Le cinéaste se défend à raison de ce type d’interprétation, il préfère parler d’observation, et son métrage, chacune des quatre-vingt-quinze minutes dense et convaincante, parle pour lui, possède, au-delà de sa simplicité, de sa limpidité, une part de mystère aussi vaste que l’océan dans lequel Alejandra manque de se noyer, dans lequel, finalement, elle se baptise seule, elle se purifie (après l’ultime profanation de la pisse) et repart non pas chez sa tante, retour au point de départ, mais se crée une nouvelle identité réduite, pour l’instant, à la satisfaction de besoins primaires, organiques, guérison de l’esprit fracassé au moyen du corps rasséréné, lavé naturellement par la mer obscure, présentée dès le début, des outrages de maquillage (gifle comprise), du gâteau d’anniversaire à la mousse à raser, du viol dans la salle de bains du dortoir de l’hôtel du voyage scolaire (décor paradisiaque pour un Enfer privé encore plus terrible que celui écrit par Jean Rollin). Après la lumière viennent les ténèbres, celles du père improvisé en privé, en justicier encore plus lamentable que Charles Bronson (la coda expéditive déplut à certains, autant que les exploits de l’architecte de Michael Winner en son temps : quelle myopie frappe donc ces « belles âmes » pour qu’elles ne puissent ainsi saisir l’ironie mélancolique de ces situations de vengeance, perpétuation stérile et mal ajustée de la violence, exercée sur les « faux coupables », incapable de rédimer une douleur fondatrice, celle du deuil, de la monstruosité mise à jour, de l’absurdité de destins féminins ?). Bronson dans son aéroport, Hernán Mendoza (très solide) sur sa barque à l’aube livide, ne figurent à aucun moment une quelconque et complaisante némésis, au contraire ; ils continuent, immobiles, à se déplacer, morts-vivants déjà occis avec la perte de leur épouse, de leur fille, joueur sinistre mimant une arme imaginaire en direction de la caméra ou clair avatar de Charon naviguant, mutique, à court de souffle, sur le fleuve impardonnable, impardonné, celui des damnés, de son péché cardinal, comme si la mort d’un enfant littéralement arraché à ses parents invisibles pouvait venir équilibrer le désordre du monde, inverser sa cruauté amorale, corriger son sandale générationnel et technologique.

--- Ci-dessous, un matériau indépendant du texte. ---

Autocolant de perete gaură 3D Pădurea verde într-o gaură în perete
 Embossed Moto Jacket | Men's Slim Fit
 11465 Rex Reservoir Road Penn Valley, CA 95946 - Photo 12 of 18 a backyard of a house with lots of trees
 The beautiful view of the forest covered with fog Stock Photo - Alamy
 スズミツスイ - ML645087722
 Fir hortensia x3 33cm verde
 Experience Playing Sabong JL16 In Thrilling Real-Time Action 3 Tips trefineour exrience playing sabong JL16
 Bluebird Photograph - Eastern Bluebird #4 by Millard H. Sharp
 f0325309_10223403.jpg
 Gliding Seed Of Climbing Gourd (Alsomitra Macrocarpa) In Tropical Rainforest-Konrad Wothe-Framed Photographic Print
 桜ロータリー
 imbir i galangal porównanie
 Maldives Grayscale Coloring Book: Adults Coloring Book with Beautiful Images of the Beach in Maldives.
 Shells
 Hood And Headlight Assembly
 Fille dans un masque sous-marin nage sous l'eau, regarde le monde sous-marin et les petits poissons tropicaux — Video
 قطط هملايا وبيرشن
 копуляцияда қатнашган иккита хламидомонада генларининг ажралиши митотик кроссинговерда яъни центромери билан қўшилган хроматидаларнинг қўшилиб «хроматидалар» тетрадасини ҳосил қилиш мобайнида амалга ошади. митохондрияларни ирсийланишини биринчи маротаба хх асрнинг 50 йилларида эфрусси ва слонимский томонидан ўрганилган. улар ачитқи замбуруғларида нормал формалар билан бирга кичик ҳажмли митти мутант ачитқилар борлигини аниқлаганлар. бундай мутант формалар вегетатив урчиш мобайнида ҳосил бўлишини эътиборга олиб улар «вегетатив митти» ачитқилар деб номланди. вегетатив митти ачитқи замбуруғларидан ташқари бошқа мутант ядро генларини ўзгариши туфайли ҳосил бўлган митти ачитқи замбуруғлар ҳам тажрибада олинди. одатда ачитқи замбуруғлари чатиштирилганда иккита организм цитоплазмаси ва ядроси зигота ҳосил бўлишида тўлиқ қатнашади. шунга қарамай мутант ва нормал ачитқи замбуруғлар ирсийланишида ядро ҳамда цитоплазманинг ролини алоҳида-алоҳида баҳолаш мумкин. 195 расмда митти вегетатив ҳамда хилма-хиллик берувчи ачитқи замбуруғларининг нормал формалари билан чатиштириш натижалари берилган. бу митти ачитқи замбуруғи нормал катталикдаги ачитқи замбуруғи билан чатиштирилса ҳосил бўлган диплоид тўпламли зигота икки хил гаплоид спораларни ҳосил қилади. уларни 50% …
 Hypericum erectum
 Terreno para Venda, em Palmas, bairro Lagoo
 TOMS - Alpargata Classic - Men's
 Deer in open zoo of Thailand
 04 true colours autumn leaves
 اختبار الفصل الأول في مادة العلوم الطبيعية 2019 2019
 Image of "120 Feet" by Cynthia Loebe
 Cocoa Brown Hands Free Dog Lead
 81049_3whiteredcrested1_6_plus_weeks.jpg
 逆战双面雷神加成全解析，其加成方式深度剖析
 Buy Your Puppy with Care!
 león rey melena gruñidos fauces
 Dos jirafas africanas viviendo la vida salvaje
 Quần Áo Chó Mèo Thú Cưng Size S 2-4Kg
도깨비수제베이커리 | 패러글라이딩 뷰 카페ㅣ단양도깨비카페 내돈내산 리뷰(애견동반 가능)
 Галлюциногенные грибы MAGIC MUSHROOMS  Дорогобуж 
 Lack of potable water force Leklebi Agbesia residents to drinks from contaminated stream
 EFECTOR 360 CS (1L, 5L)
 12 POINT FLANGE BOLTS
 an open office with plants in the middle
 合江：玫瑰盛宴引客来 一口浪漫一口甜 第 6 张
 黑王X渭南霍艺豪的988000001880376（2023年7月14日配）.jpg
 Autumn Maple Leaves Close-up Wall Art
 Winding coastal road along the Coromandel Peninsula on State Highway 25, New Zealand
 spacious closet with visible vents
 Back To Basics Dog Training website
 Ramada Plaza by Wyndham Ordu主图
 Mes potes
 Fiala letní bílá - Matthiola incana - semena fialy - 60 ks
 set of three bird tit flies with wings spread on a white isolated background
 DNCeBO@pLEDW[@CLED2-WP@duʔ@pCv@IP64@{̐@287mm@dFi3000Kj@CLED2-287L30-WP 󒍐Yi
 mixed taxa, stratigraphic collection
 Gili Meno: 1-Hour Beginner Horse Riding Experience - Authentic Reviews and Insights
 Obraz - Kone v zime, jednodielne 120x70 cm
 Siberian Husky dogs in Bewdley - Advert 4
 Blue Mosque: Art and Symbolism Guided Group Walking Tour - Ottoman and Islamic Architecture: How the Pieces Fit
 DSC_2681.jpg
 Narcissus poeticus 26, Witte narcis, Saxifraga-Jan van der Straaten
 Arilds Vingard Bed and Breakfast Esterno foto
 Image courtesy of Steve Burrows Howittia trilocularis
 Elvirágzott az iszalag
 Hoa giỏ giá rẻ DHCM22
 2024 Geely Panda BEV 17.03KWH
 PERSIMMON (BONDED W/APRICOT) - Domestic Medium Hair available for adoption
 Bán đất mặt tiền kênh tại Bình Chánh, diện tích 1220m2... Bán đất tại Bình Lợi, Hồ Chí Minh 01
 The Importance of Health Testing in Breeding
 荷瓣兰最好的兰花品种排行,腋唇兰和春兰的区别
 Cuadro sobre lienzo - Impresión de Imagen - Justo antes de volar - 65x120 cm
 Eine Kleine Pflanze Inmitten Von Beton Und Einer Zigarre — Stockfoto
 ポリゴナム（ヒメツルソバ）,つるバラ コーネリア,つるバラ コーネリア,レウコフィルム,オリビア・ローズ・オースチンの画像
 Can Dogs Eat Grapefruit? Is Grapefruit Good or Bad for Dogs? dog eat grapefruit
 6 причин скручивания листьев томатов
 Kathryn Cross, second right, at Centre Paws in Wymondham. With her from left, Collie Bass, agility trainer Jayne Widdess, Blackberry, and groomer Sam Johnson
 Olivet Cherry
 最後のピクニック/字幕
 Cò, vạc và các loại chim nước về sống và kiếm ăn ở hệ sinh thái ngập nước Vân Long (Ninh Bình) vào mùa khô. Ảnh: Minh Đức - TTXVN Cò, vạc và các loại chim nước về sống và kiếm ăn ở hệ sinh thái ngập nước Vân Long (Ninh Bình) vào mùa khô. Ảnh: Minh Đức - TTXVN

Ce grand petit film formalisé (pas formaliste), toujours juste (excellence de la distribution, dans la « vraie vie » groupe d’amis, ouf, on respire et on se rassure), souvent taciturne (la forme épouse idéalement le fond, le sujet prend corps dans la chair éloquente des images), dresse un portrait de jeune femme (assez) inoubliable, nous interroge sur notre violence et celle de nos enfants, sur la manière la plus puissante et consistante de la représenter à l’écran (le film fit forte impression à Cannes, notamment auprès de Tim Roth, retrouvé dans Chronic, le dernier titre de Franco, et l’on se souvient que l’acteur, lui-même sexuellement abusé dans son enfance, réalisa naguère l’éprouvant The War Zone, exécuté à sa sortie en quatre ou cinq lignes par un petit gars des Cahiers du cinéma, ces « gens-là », autoproclamés experts en puritanisme scopique, connaissant parfaitement leur métier, pas vrai ?). Si vous décidez de tenter l’expérience, de ne pas craindre un climat anxiogène, obscène, innervant une œuvre constamment éthique, esthétique (la beauté ne sauve personne, on joua du classique à Auschwitz, elle nous identifie pourtant, elle paraphe notre meilleure part, nous transcende au sein d’une immanence existentielle), recelant des instants poignants de douceur, de confiance, d’amour (la « vie de couple », d’une grande pureté, entre le père et sa fille, nourrie d’attentions, de gestes, de sourires), vous ne le regretterez pas. Gaspar Noé, avant de se convertir à la collection Harlequin accouplée aux galipettes inoffensives de Marc Dorcel, aboutissait au même effet contradictoire, dialectique, avec Irréversible, plongée dans la fange débouchant sur un parc radieux (et une séduisante femme enceinte en train de lire un bouquin sur les errances temporelles).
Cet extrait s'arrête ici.